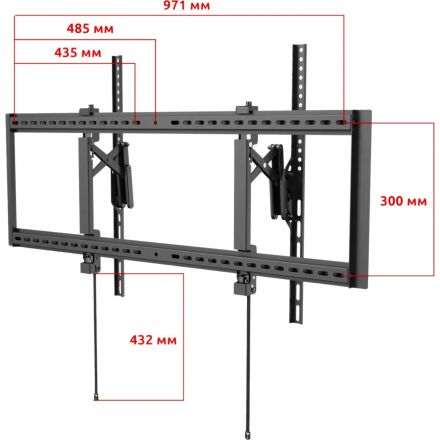 Кронштейн UNITEKI FM512LARGE для Тв или монитора, 55-120″, наклон, поворот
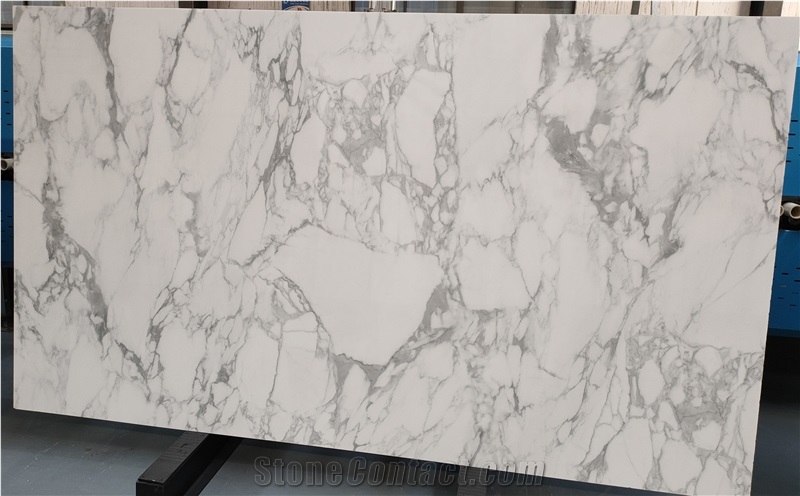Snow White Nano Glass Stone Slabs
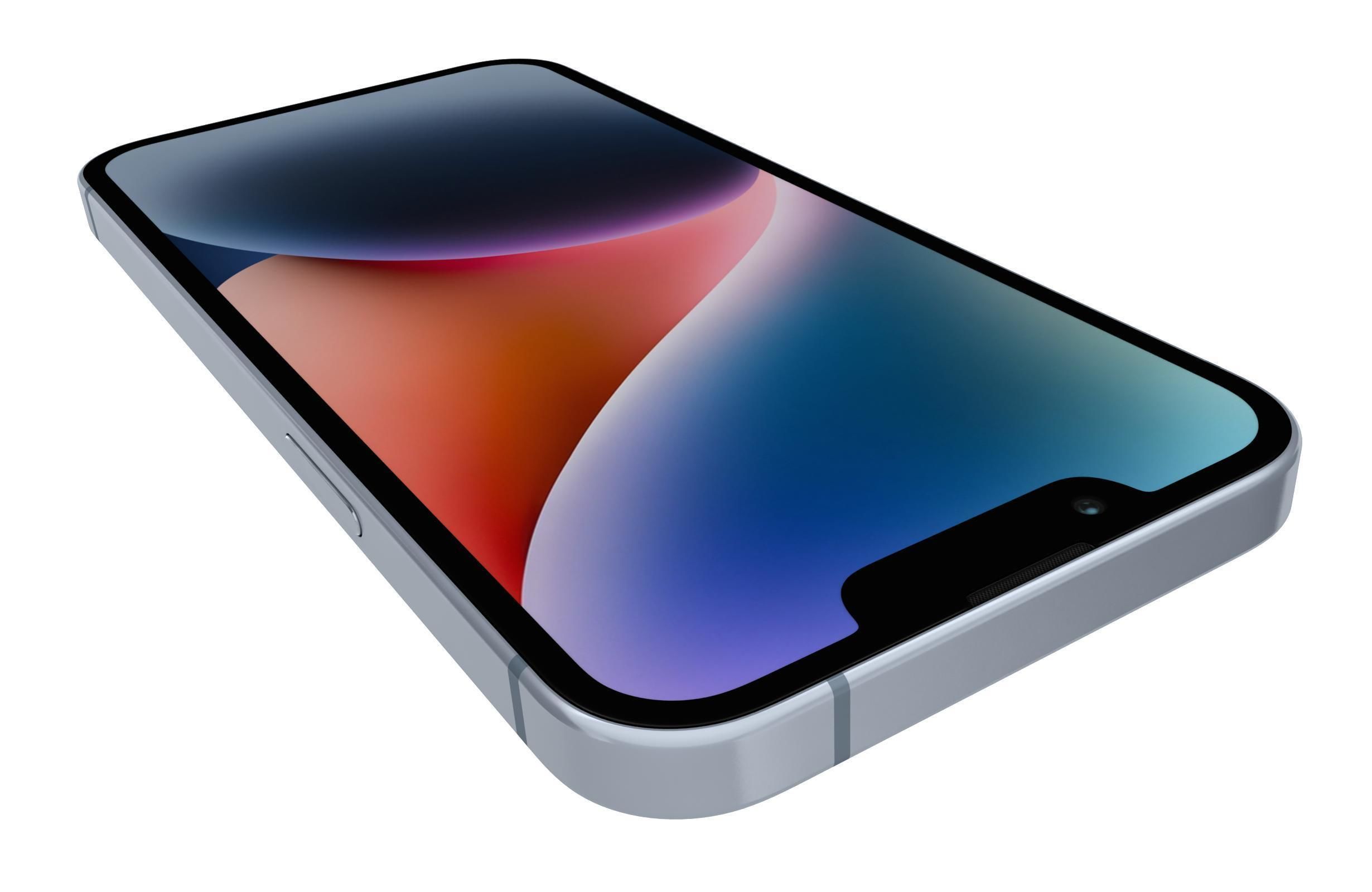Apple iPhone 14 Plus Blue 3D model_12
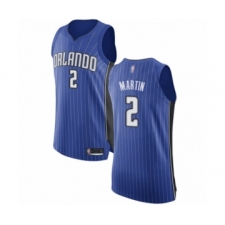 Men's Orlando Magic #2 Jarell Martin Authentic Royal Blue Basketball Jersey - Icon Edition
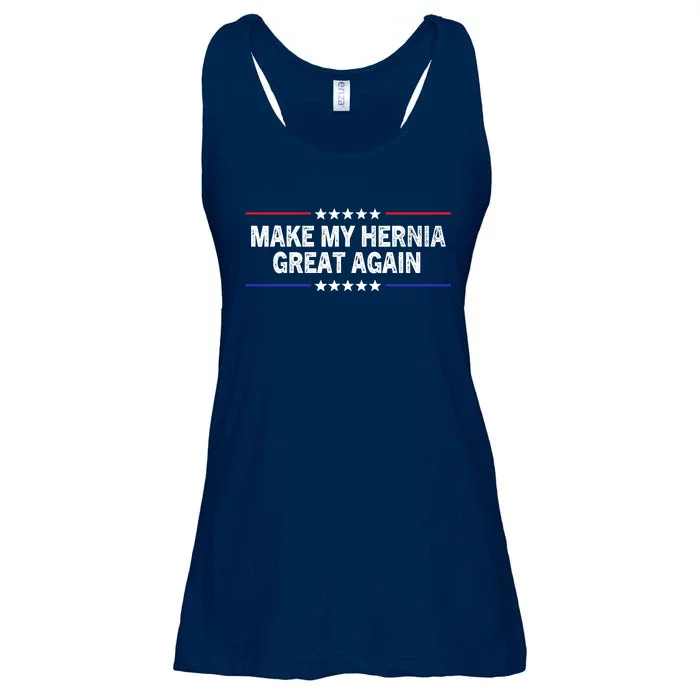 Make My Hernia Great Again Funny Surgery Injury Recovery Ladies Essential Flowy Tank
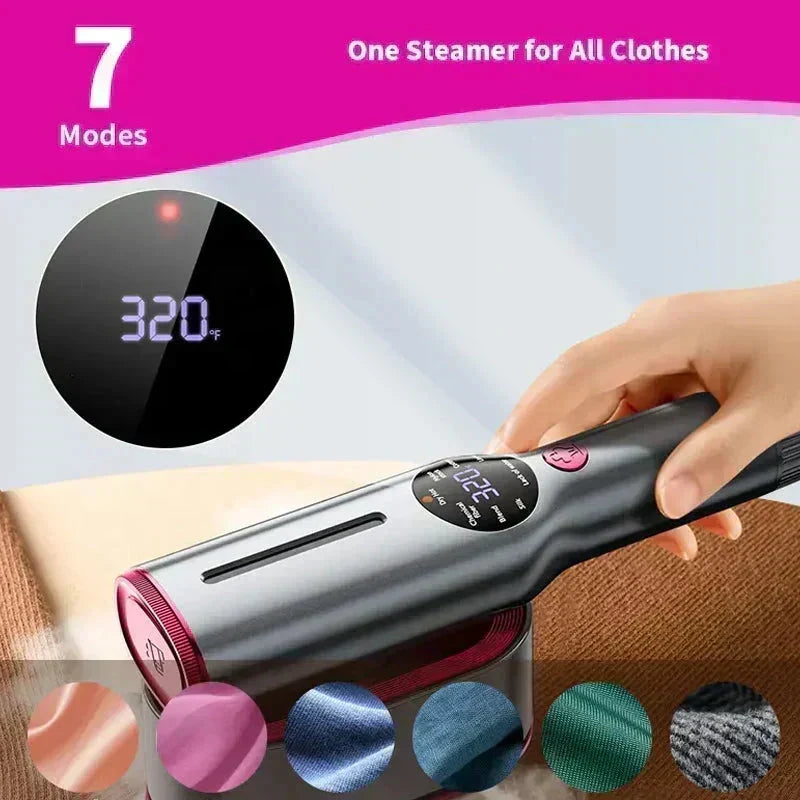 🔥 50% OFF! 2-in-1 Steam Iron & Steamer – 5s Heat-Up & Powerful Steam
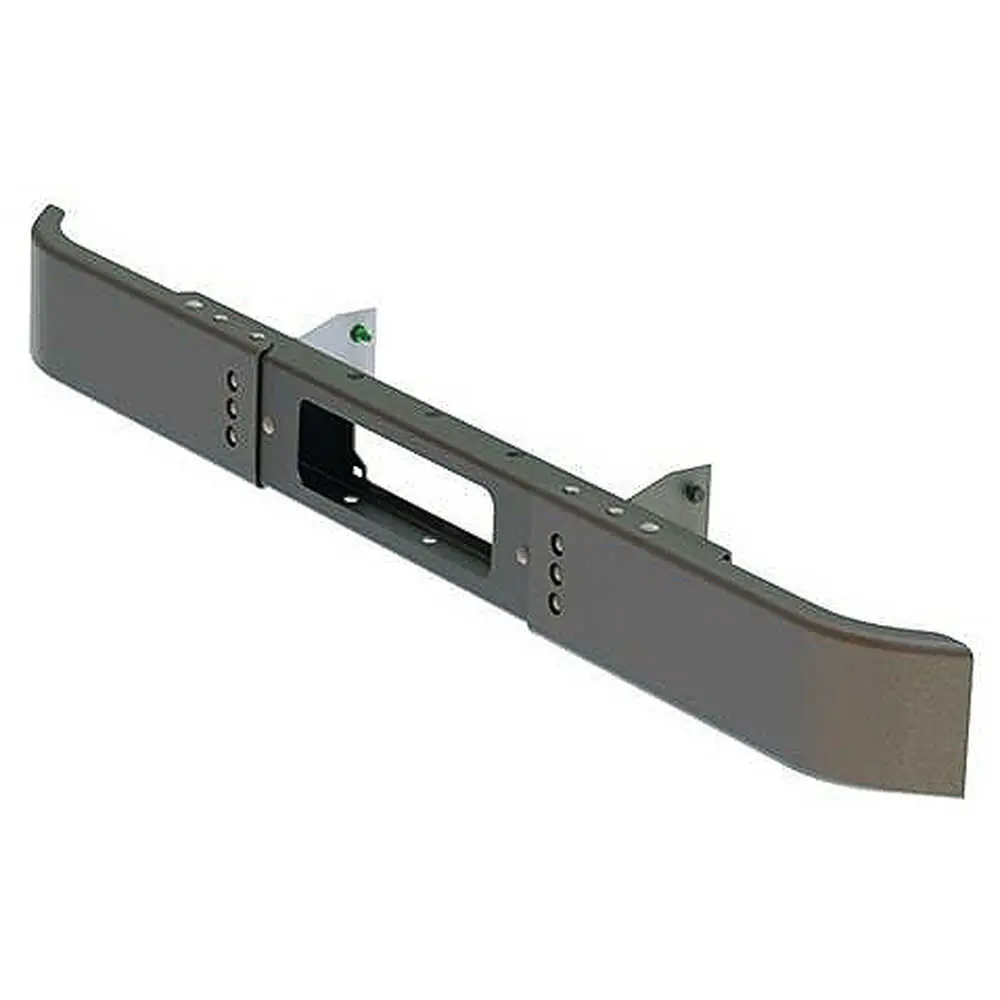 93" Spring Back Front Bumper Assembly with Center Cutout - Fits Freightliner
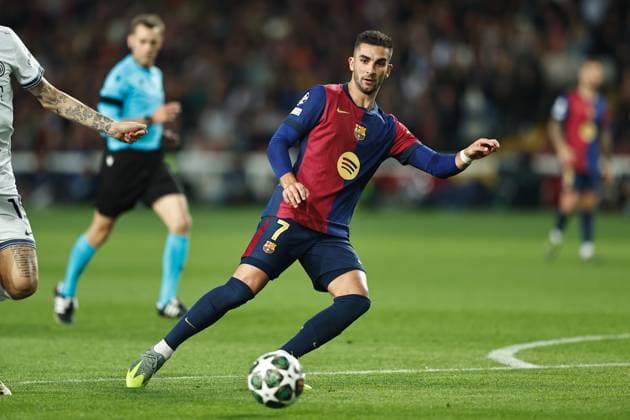 Ferran Torres (Barcelona), APRIL 30, 2025 - Football Soccer : UEFA Champions League Semi-finals 1st leg match between FC Barcelona, Barca 3-3 FC Internazionale Milano at the Estadi Olimpic Lluis Companys in Barcelona, Spain. Noxthirdxpartyxsales  (289171973)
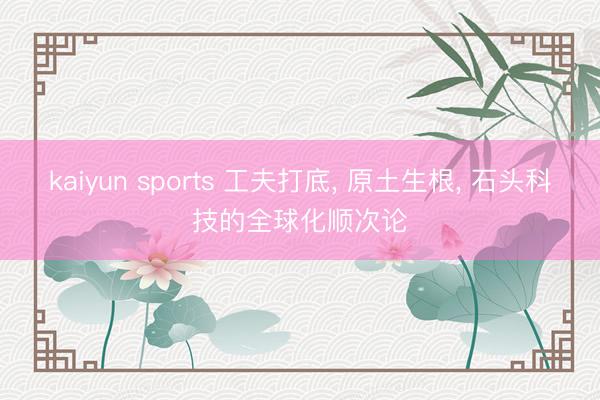 kaiyun sports 工夫打底, 原土生根, 石头科技的全球化顺次论
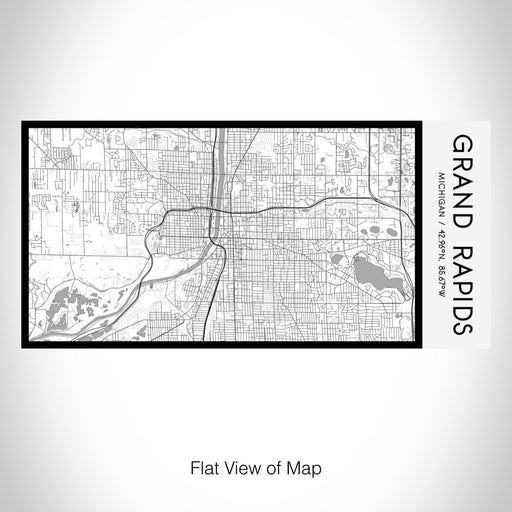 Rendered View of Grand Rapids Michigan Map on 17oz Stainless Steel Insulated Bottle with printed classic style map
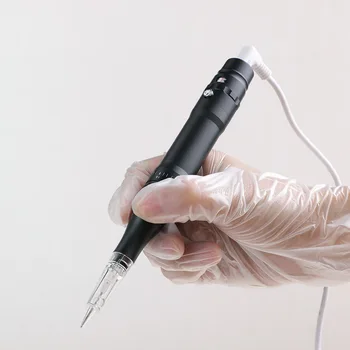 Bezvadu Pastāvīgu Aplauzums Mašīna Pildspalva ar adatu Skaistums Mākslas Uzacu, Lūpu Microblading Uzlādējams Tetovējums machien komplekts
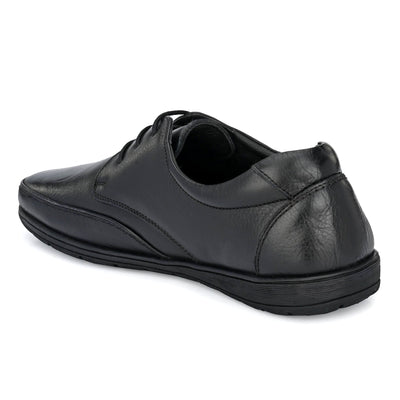 Egoss Casual Derby Lace Up Leather Shoes For Men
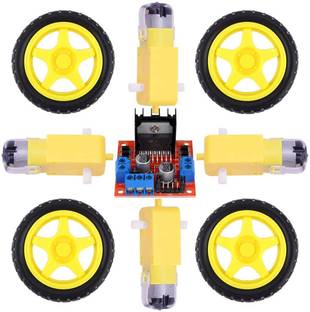 Super Debug L298N Motor Driver Module Controller Board Dual H-Bridge With Robot Stepper DC TT Motor And Smart Car Tire Electronic Components Electronic Hobby Kit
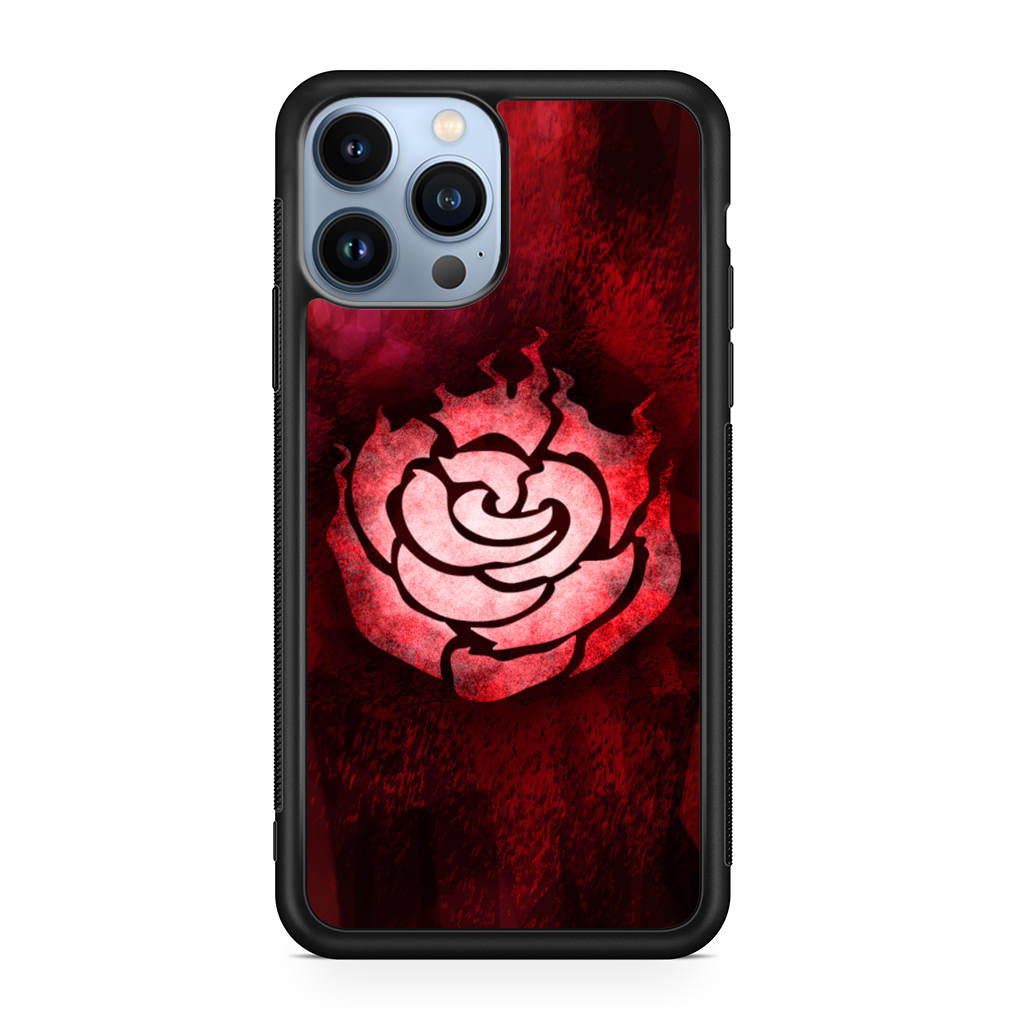 RWBY Ruby Rose Symbol iPhone 13 Pro / 13 Pro Max Case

◆ Problem statement
Could you copy the listing above exactly, without its pictures?

◆ Solved problem
 Кронштейн UNITEKI FM512LARGE для Тв или монитора, 55-120″, наклон, поворот
Snow White Nano Glass Stone Slabs
Apple iPhone 14 Plus Blue 3D model_12
 Men's Orlando Magic #2 Jarell Martin Authentic Royal Blue Basketball Jersey - Icon Edition
 Make My Hernia Great Again Funny Surgery Injury Recovery Ladies Essential Flowy Tank
 🔥 50% OFF! 2-in-1 Steam Iron & Steamer – 5s Heat-Up & Powerful Steam
 93" Spring Back Front Bumper Assembly with Center Cutout - Fits Freightliner
 Ferran Torres (Barcelona), APRIL 30, 2025 - Football Soccer : UEFA Champions League Semi-finals 1st leg match between FC Barcelona, Barca 3-3 FC Internazionale Milano at the Estadi Olimpic Lluis Companys in Barcelona, Spain. Noxthirdxpartyxsales  (289171973)
 kaiyun sports 工夫打底, 原土生根, 石头科技的全球化顺次论
 Rendered View of Grand Rapids Michigan Map on 17oz Stainless Steel Insulated Bottle with printed classic style map
 Bezvadu Pastāvīgu Aplauzums Mašīna Pildspalva ar adatu Skaistums Mākslas Uzacu, Lūpu Microblading Uzlādējams Tetovējums machien komplekts
 Egoss Casual Derby Lace Up Leather Shoes For Men
 Super Debug L298N Motor Driver Module Controller Board Dual H-Bridge With Robot Stepper DC TT Motor And Smart Car Tire Electronic Components Electronic Hobby Kit
 RWBY Ruby Rose Symbol iPhone 13 Pro / 13 Pro Max Case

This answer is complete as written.